Além disso, a precariedade do trabalho e o retardamento nos contratos de trabalho é outro dos pontos de análise da eficácia do IRS Jovem. Tal como apontam Renato Miguel do Carmo e Ana Rita Matias no artigo “As dimensões existenciais da precariedade: jovens trabalhadores e os seus modos de vida”, publicado na Revista Crítica de Ciências Sociais, em 2019, há um abuso na recorrência aos estágios profissionais por partes das entidades empregadoras bem como a normalização da precariedade. Isto acaba por significar que de “fazer um estágio não advém qualquer certeza de que se ficará na empresa, significando pelo contrário uma situação quase sempre provisória […]”

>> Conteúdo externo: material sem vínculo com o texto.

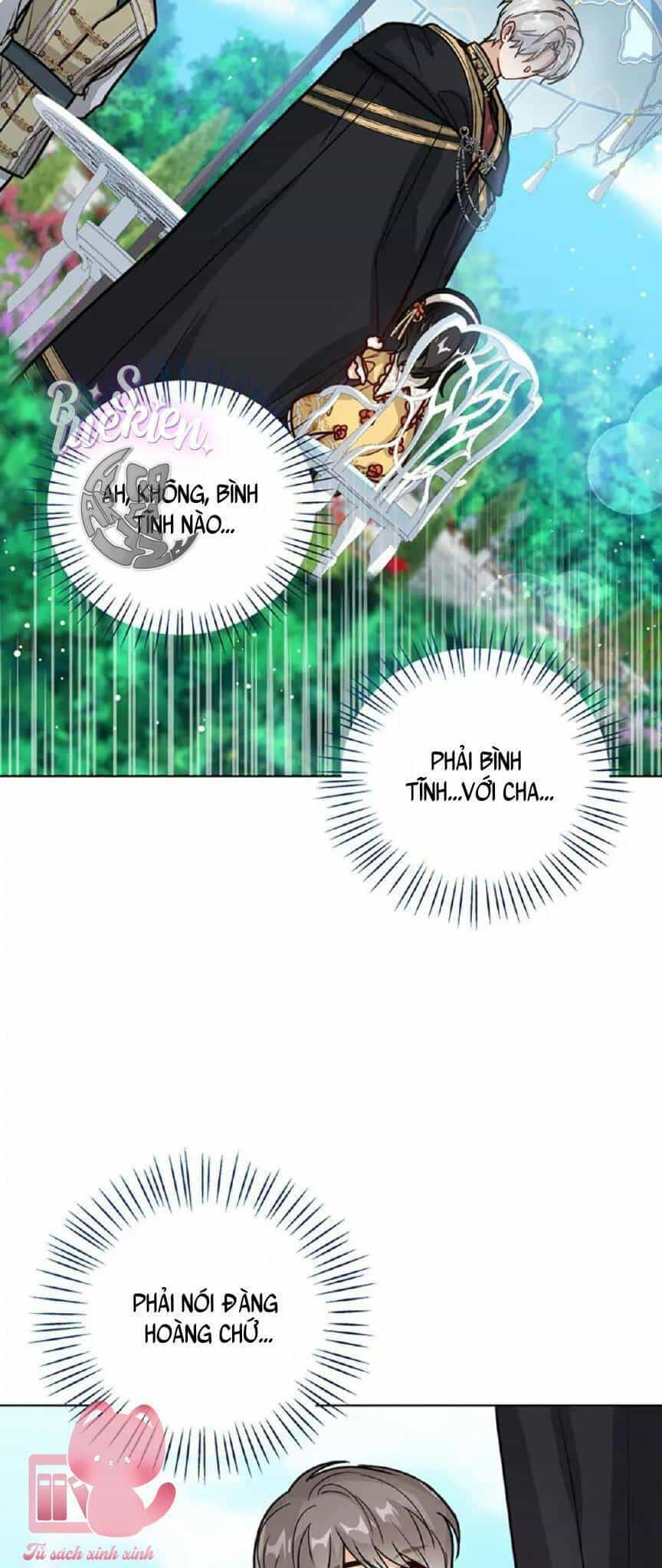 Công Chúa Bé Con Nhìn Vào Cửa Sổ Trạng Thái - Chương 19 - ảnh 38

Ambas as problemáticas, geralmente, coexistem e são um sintoma ou consequência uma da outra. A faixa etária abrangida pelo IRS Jovem é, também, a que mais “sofre” de precariedade no trabalho. Neste sentido, e como não há qualquer benefício para a entidade empregadora, à partida, não haverá nenhuma correlação entre IRS Jovem e aumento dos contratos de trabalho. Como expõe Teresa Soares, só haveria, eventualmente, uma maior contratação, se este benefício fiscal fosse conjugado com as taxas profissionais, em que parte seria comparticipado pelo Instituto de Emprego e houvesse algumas isenções de segurança social por ser o primeiro emprego.
Seja como for, é ainda demasiado cedo para poderem ser analisadas todas as vertentes e chegar a algumas conclusões. No entanto, futuramente serão entendidas e comparadas relações entre o IRS Jovem e, por exemplo, o número de beneficiários e o seu poder de compra, a sua dependência financeira e/ou pessoal ou até mesmo as taxas de desistência na escolaridade. Como aponta Teresa Soares, estas perguntas deverão ser feitas: “Qual a população abrangida e qual o montante que foi poupado do lado do contribuinte e o impacto que isso teve/tem no Orçamento de Estado?”
Em todo o caso e apesar de todas as incertezas, controvérsias e contrariedades, sobre este benefício fiscal há, no entanto, uma unanimidade quanto à sua iniciativa positiva a curto prazo.